August 16, 1944 - Eva Ginzova
WHEN
August 16, 1944
WHERE
Terezin Ghetto, Czechoslovakia
The Diary of Eva Ginzova
Eva Ginzova is one of the few teenage diarists from the Holocaust to have had a sibling who also wrote. Petr Ginz, her brother, was a prolific author and artist in his own right. Eva was proud of his education and his accomplishments. He appears as a subject in many of her diary entries and it is clear that his well-being was as important to her as her own.
Eva was younger than Petr, and it is obvious that she looked up to him. Because he was older, he had been sent to the Theresienstadt “camp-ghetto” two years earlier. When she arrived, she discovered that Petr had already established a reputation among his peers. On August 16, 1944, she wrote, “When I arrived, one girl asked me whether Petr was my brother, and said that he was the most intelligent boy from the heim [children’s home]. I was very pleased and very proud of him.”

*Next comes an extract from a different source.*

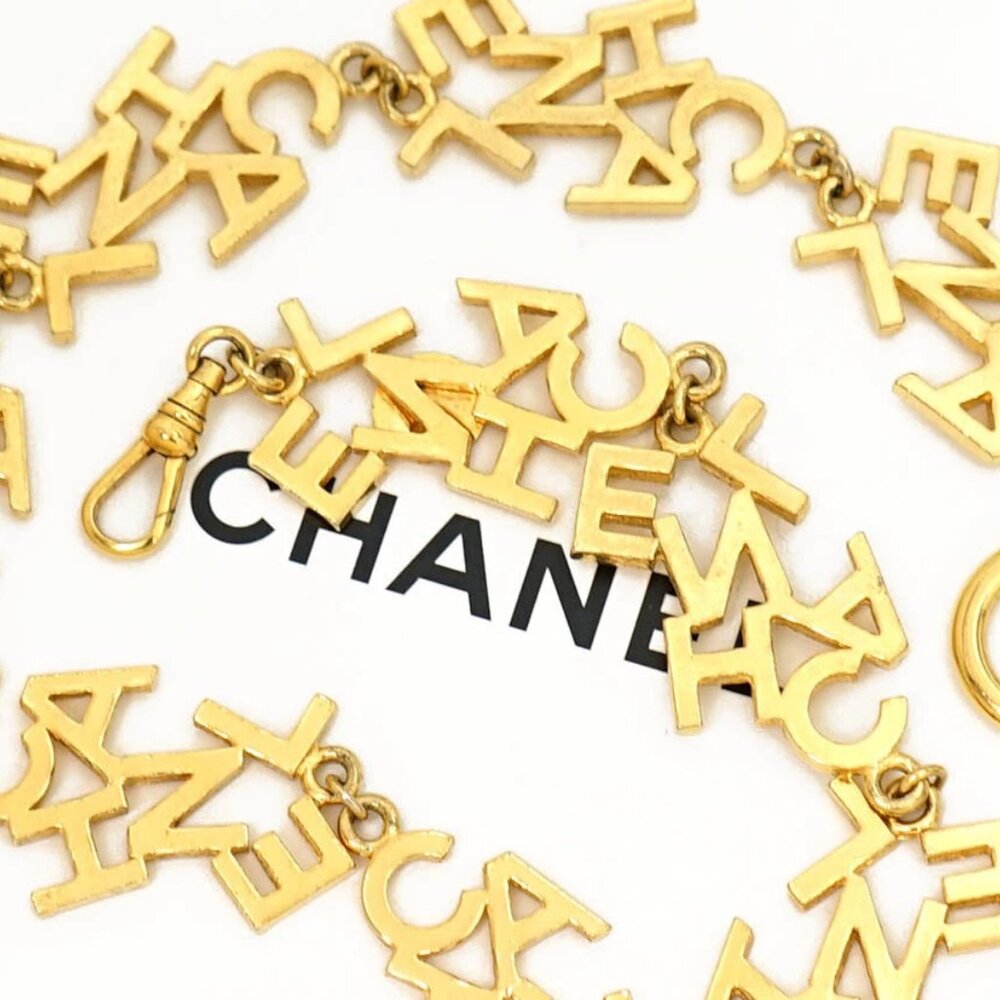 CHANEL CC Logos Link Necklace 16" Gold Tone Auth w/Box w1144-1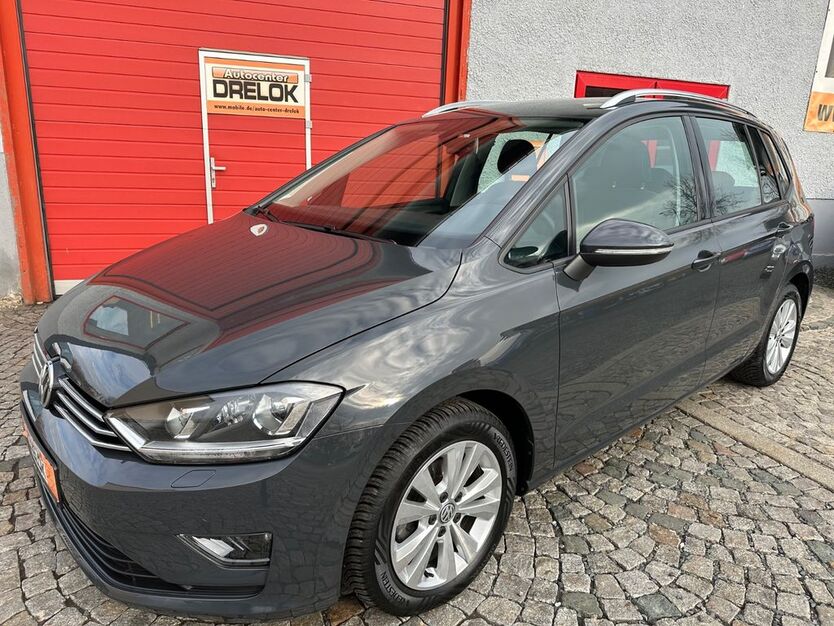 VW Golf Sportsvan 33.999 km 14.600 € Freiberg 09599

Petr’s presence in Theresienstadt was a great comfort to Eva, but one that would not last. On September 28, 1944, they were separated when Petr was sent to Auschwitz. After the war was long over, Eva wrote one last entry in her diary. It was the heartbroken observation that Petr had not come home. Eva survived the Holocaust, Petr did not.
Eva’s diary reminds us that no one lives apart from the influences of others. Our parents, siblings, and friends help to make us who we are. Their lives and legacies stay with us as long as we live. One of the greatest crimes of the Holocaust was the splitting of families, especially when murder made the separation permanent.